After a 32-year battle with Parkinson’s disease, boxing legend Muhammad Ali died on Saturday following his hospitalisation two days ago for respiratory ailments in Phoenix in the USA.
With his demise, an era has come to an end because Ali was not just one of the greatest heavyweights in the history of boxing.
He was a crusader for human rights often taking up issues that were considered sensitive, controversial and even anti-national.
One of the most recognised sportspersons in the world, Ali was crowned “Sportsman of the Century” by the Sports Illustrated and “Sports Personality of the Century” by BBC.

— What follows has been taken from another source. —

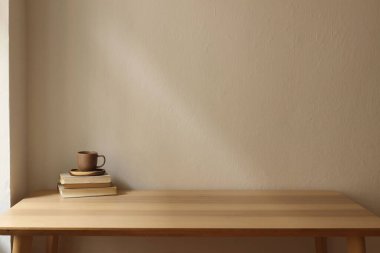 Minimalist zarif iç mekan. Ahşap masa, eski kitaplar seramik kahve, çay fincanı. Yumuşak doğal ışık, düz bej duvar arkaplanı. Sakin ve rahat bir atmosfer. Boş kopya alanı, kahvaltı konsepti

Here are 10 things you would like to know about “The Greatest”, floating like a butterfly and stinging like a bee in the boxing ring:
1. Muhammad Ali was born as Cassius Marcellus Clay Jr. on January 17, 1942, in Louisville, Kentucky, USA.
His father’s name was Cassius Marcellus Clay Sr. Both the father and son were named after Cassius Marcellus Clay, the 19th-century abolitionist and politician.
2. A police officer guided Ali to boxing when he was 12-year-old after the boy told him that he would “whup” a thief who stole his bicycle. The officer told him to learn boxing first.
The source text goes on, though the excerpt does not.